Between 2010 and 2013, Info Edge put roughly Rs 86 crore into Zomato. When Zomato was listed in 2021, that stake was worth billions. The company did the same with Policybazaar, DotPe, Gramophone, Shipsy and Bijnis.
“In India, it takes 12 to 15 years for a company to really become big,” Bikhchandani later said in an interview. “Typical venture funds get nervous by year seven or eight,” he added.
But Bikhchandani never framed himself as a venture capitalist chasing exits. Over the years, Bikchandani warned founders not to build businesses around investor money alone. “Focus on the customer’s money, not the investor’s money. Investor money is easy to mistake for success. It’s not success at running a viable business,” Bikchandani said in an interview.
In 2019, he institutionalised this approach by launching Info Edge Venture Fund and later additional AIFs like Capital 2B, formalising what had until then been a balance-sheet-driven strategy.
Ashoka University and the liberal arts turn
In 2014, Bikhchandani co-founded Ashoka University with Ashish Dhawan and Pramath Raj Sinha. Conceived as “Project Nobel,” it aimed to build a world-class liberal arts university in India, funded by a collective of more than 100 donors.
He serves as a trustee and visiting faculty member and also sits on the boards of nonprofits like Chintan, which works with waste pickers in Delhi, and The 1947 Partition Archive, which preserves oral histories of Partition survivors.
He rarely talks about his wealth. When he debuted on Forbes’s billionaires list in 2019, he said the attention embarrassed him. “There is always a doubt…Do I deserve it?” he told Forbes.
As of today
Today, Bikhchandani remains Founder and Executive Vice Chairman of Info Edge. He sits on the National Startup Advisory Council, advises the government on ecosystem policy, and serves on boards at institutions like CIIE at IIM Ahmedabad.
In 2019, he made his debut in Forbes’ World’s Billionaires list with a net worth fo $1 billion. As of the latest, his net worth is pegged at $3.43 billion as per Forbes in October 2025.

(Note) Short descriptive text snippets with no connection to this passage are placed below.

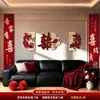 Conjunto de decoração de quarto de casamento para recém-casados, sala de estar de casamento, quarto, casa nova, guirlanda, parede de fundo do sofá, decorações de personagens felizes
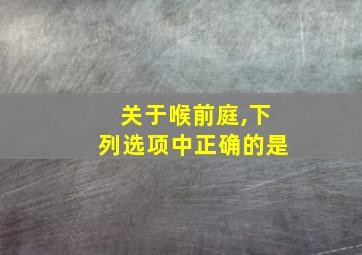 关于喉前庭,下列选项中正确的是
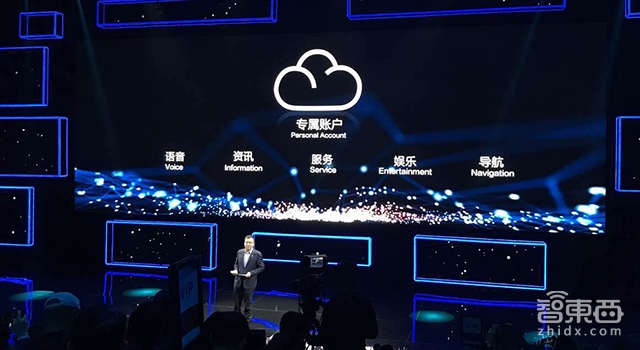 上汽通用2025车联网战略:后年推超级巡航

Now, when you look at Deepinder Goyal’s resignation and get shocked, you know someone who invented this route 16 years ago.
Disclaimer: This is an independent profile. Sanjeev Bikhchandani and their representatives were contacted but did not respond prior to the time of publication. In the absence of direct comment, this article was reported using publicly available records and regulatory filings, where applicable. This content is not sponsored and was produced in accordance with FinancialExpress.com’s editorial guidelines.